Alternatively, you could change your current directory to pySPACE/run beforehand if you did not use the setup.py to create the required links. Now you should get some information on your setup and finally a progress bar. The result can now be found at ~/pySPACEcenter/storage/operation_results/CURRENT_DATE_TIME, where the time tag in the folder name corresponds to the start time of your algorithm. You may have a look at the short_result.csv.
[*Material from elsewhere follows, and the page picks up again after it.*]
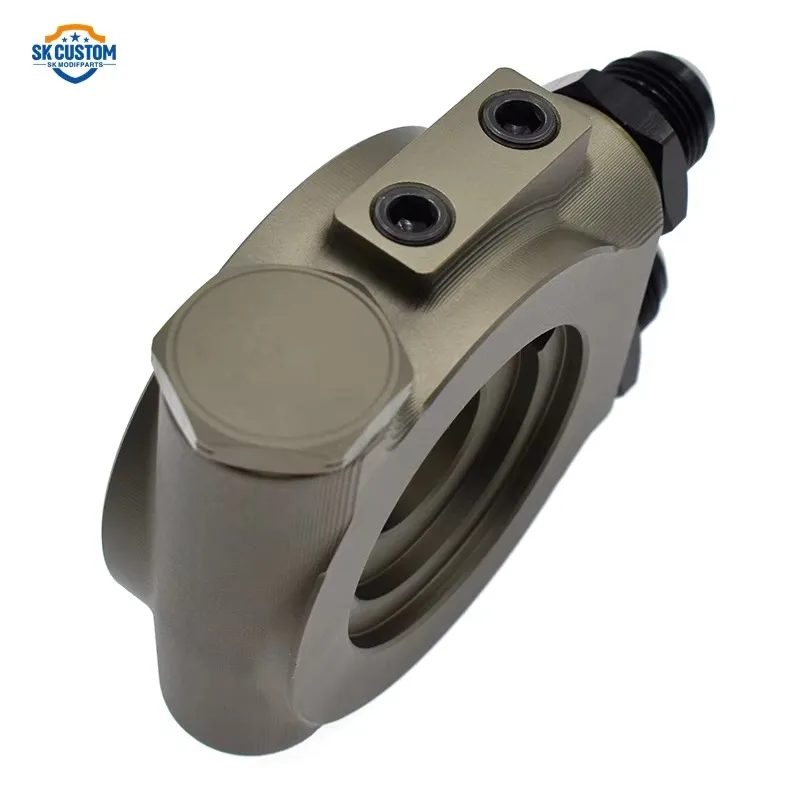 Universal AN10&AN8 Oil Cooler Sandwich Adapter Thermostat Oil Filter Adapter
If you want to browse the result tabular, start performance_results_analysis.

For having a faster execution using all cores of your PC, simply change the command to:

python launch.py --mcore --operation examples/classification.yaml

If you now want to compare different algorithms you can execute the following operation:

# concatenation of algorithms
type: node_chain
# path relative to storage
input_path: "example_summary"
runs : 3 # number of repetitions to catch randomness
parameter_ranges :
    __C__ : [0.05, 1.25]
    __Normalization__ : [GaussianFeatureNormalization,
                        EuclideanFeatureNormalization]
node_chain: # the algorithms
    -   # load the data
        node: FeatureVectorSourceNode
    -   # random splitting: 40% training, 60% testing
        node: TrainTestSplitter
        parameters :
            train_ratio: 0.4
            random: True
    -   # normalize each feature
        node: ${__Normalization__}
    -   # standard svm classifier (affine version)
        node : SorSvmNode
        parameters :
            complexity : ${__C__}
            kernel_type : "LINEAR"
            class_labels : ["Standard","Target"]
            max_iterations : 10
    -   # gather results and calculate performance
        node: PerformanceSinkNode
        parameters:
            ir_class: "Target"

This is done with the command:

python launch.py --mcore --operation examples/bench.yaml

When now browsing through the results as described above, you see a lot of more possible parameters.

Which parameter combination was the best? Complexity of 0.1 and GausianFeatureNormalization?

Using now List of all Nodes you can check the available algorithms and their parameters and play around with the specification files and change it. They should be found at ~/pySPACEcenter/specs/operations/examples/.